Sign up and create an API key

An API key authenticates your machine to W&B. You can generate an API key from your user profile.
For a more streamlined approach, create an API key by going directly to User Settings. Copy the newly created API key immediately and save it in a secure location such as a password manager.
  1. Click your user profile icon in the upper right corner.
  2. Select User Settings, then scroll to the API Keys section.

Install the wandb library and log in

To install the wandb library locally and log in:
  1. Set the WANDB_API_KEY environment variable to your API key.
    export WANDB_API_KEY=[YOUR-API-KEY]
    
  2. Install the wandb library and log in.
    pip install wandb
    
    wandb login
    

Log metrics

After installing and logging in, log metrics from your scikit-learn training code so you can compare runs in W&B.
import wandb

wandb.init(project="visualize-sklearn") as run:

  y_pred = clf.predict(X_test)
  accuracy = sklearn.metrics.accuracy_score(y_true, y_pred)

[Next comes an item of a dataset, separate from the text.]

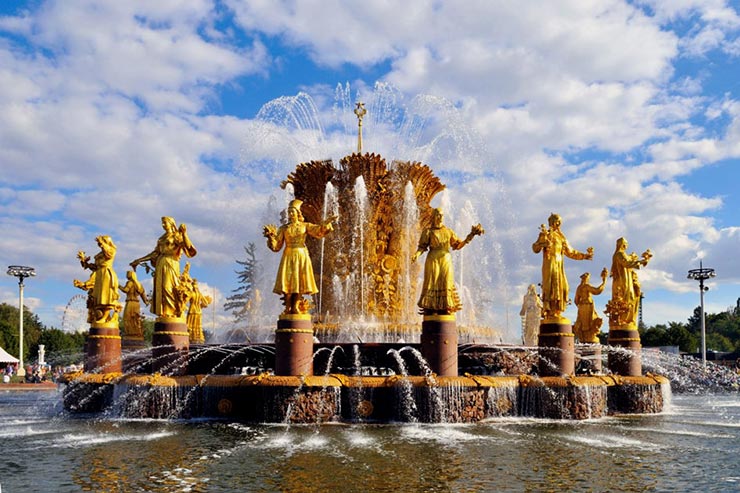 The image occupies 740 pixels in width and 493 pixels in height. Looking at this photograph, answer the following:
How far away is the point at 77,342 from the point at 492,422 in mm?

  # If logging metrics over time, then use run.log
  run.log({"accuracy": accuracy})

  # OR to log a final metric at the end of training you can also use run.summary
  run.summary["accuracy"] = accuracy

Make plots

In addition to logging metrics, you can generate diagnostic plots for your scikit-learn models and log them as part of a run. The following steps initialize a run and then visualize either individual plots or a full set of plots for a given model type.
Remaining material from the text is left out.